Data items:
☆ ☆ ☆

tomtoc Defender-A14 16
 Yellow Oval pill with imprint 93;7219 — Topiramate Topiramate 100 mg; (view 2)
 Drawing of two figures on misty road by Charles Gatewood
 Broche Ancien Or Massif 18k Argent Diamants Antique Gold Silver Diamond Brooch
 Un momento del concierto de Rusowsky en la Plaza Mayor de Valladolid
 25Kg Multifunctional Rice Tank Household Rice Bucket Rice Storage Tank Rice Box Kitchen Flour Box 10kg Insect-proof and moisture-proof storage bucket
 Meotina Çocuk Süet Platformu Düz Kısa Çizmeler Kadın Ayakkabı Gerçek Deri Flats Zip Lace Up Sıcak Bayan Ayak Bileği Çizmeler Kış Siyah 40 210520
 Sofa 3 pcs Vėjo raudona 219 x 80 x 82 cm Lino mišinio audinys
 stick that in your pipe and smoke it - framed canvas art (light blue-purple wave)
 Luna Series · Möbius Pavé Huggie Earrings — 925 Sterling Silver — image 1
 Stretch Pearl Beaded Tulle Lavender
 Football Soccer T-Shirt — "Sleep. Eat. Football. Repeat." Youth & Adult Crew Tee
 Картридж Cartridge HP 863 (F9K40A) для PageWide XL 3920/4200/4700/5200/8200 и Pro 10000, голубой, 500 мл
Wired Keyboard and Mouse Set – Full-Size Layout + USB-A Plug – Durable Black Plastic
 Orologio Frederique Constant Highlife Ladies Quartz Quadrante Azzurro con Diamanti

☆ ☆ ☆

§ **TASK ITEM**
State how many lines of the records hold the string "Silver", and nothing else.

§ **TASK SOLUTION**
2